IV. Whether the trial court erred in denying Appellant’s Petition to Reinstate Post-Sentence Rights nunc pro tunc and set bail during appeal pursuant to Pa.R.Crim.P. 521 where finding of facts and conclusions of law were not of record until December 4, 2019.

Appellant’s Br. at 2–3 (notes on preservation omitted).

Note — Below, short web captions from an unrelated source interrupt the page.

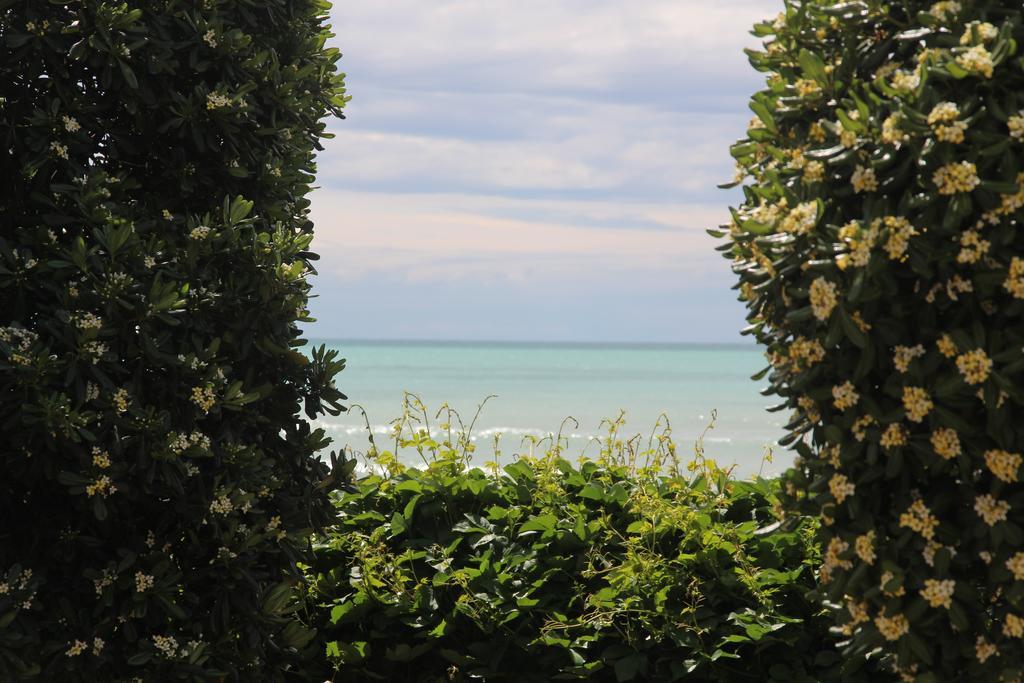All'Etrusconia Hotel Castagneto Carducci Marina di Castagneto Carducci Exterior foto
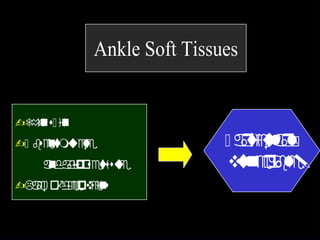 Ankle Soft Tissues
?Thinskin
?k bsentmuscle
andadiposetissue
?Lack ofdeepveins
k articularly
vulnerable!
 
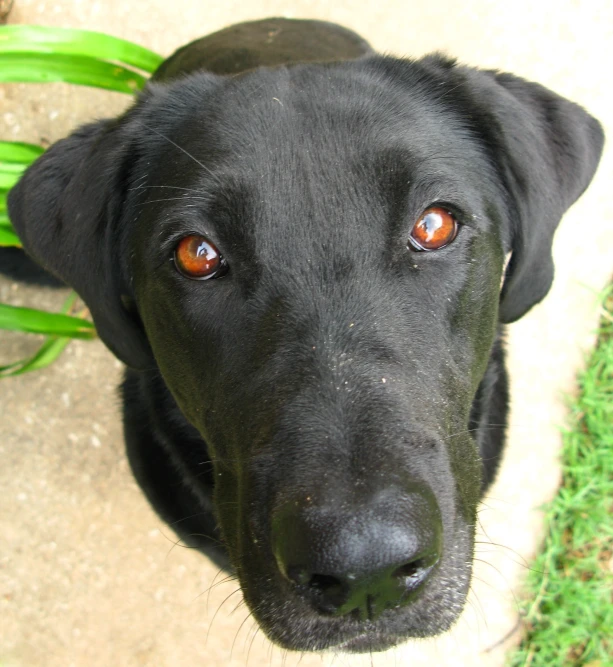 a black dog looks up with orange eyes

7 In the interim, Appellant, inter alia, obtained several continuances, was arrested on a bench warrant for failure to appear at a scheduled sentencing hearing, and retained new counsel. 8 On October 3, 2019, counsel filed a Notice of Appeal. Appellant simultaneously filed a pro se Notice of Appeal on the same day.

-4- J-S03041-21

In his first issue, Appellant challenges the sufficiency of the evidence

to support his DUI – General Impairment conviction. He argues the

Commonwealth failed to prove beyond a reasonable doubt that he was

incapable of safe driving. Id. at 6.

“A claim challenging the sufficiency of the evidence is a question of

law.” Commonwealth v. Widmer, 744 A.2d 745, 751 (Pa. 2000). Our

standard of review is de novo, and our scope of review is limited to the

evidence admitted at trial viewed in the light most favorable to the

Commonwealth as verdict winner. Commonwealth v. Rushing, 99 A.3d

416, 420–21 (Pa. 2014).

“[W]hile passing on the credibility of the witnesses and the weight of

the evidence [the factfinder] is free to believe all, part, or none of the

evidence.” Commonwealth v. Miller, 172 A.3d 632, 640 (Pa. Super.